Great Resources to Check out:
Sex Before Marriage: How Far is Too Far? [Timothy Lane]
Guidelines for Sexual Purity [Randy Alcorn]
Sex and the Supremacy of Christ [John Piper]
We are tempted every day. No one is invisible to temptation. When the Bible talks about temptation, it is never “if”; it is always “when.” The bait is bound to lure you in and tempt to hook you. It is our responsibility to know what the bait is and how to avoid its trap.
The Bible is clear from the Seventh Commandment: “Do not commit adultery.” (Exodus 20:14) Now, adultery doesn’t happen over night. There are certain sly and stealthy steps that lead to Adultery:
It all starts with a distraction—maybe you are tired or weak, lonely or desperate, invisible or in the moment. Then that distractions leads to an attraction. It only takes a moment to notice someone of the opposite sex (walking along and BAM!); this is the the step of the second look. At this point we must stop, look the other way and change. James 1:14-15 “ But each of us is tempted when, by his own evil desires, he is dragged away and enticed. Then, after desire has conceived, it gives birth to sin; and sin, when it is full-grown, gives birth to death.” Sadly, most do not stop at this step, but are tempted to step into the trap.

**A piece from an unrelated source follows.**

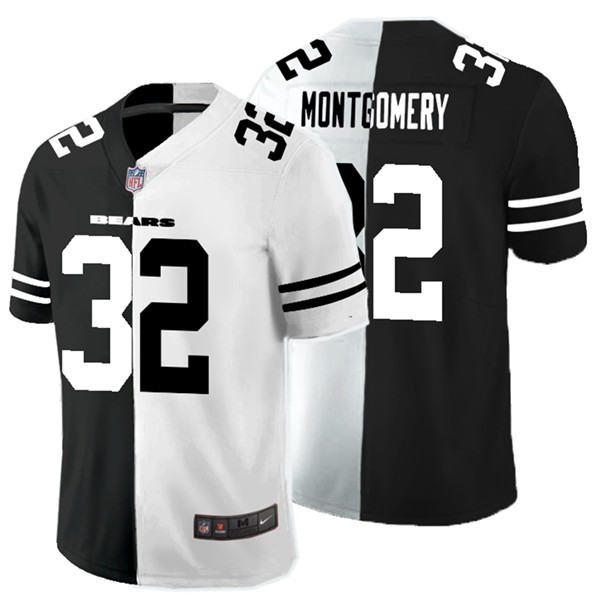 Personalized Bears 32 David Montgomery Black And White Split Untouchable Limited Jersey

The next step is infatuation (sinful attitude) or in other words adultery of the mind (heart). Your imagination starts pursuing what you would like to do with that person of the opposite sex. Jesus says adulterous attitudes are just as sinful as adulterous actions (Mt.5:28). These attitudes are just one small step away from our final step, which is the sinful action. God is clear that this is having sex with someone who is not your spouse outside the covenant of marriage.
Adultery can take on many different shapes and forms:
There are essentially two different ways of responding to an adulterous situation. First, repent and change by seeking counsel, restoration, and forgiveness. The other is to reject and covering up by continuing to live in your sin and believe in sinful lies.
Lies are easy to come by when used to cover up adultery, here are some of the most common:
1. Marriage (or another relationship) will make it all better. If you do not change your sinful attitudes before marriage you will bring them into your marriage. This is a recipe for relationship murder. Wedding vows are a commitment for life, “till death do you part.” You choose to love God and your future spouse.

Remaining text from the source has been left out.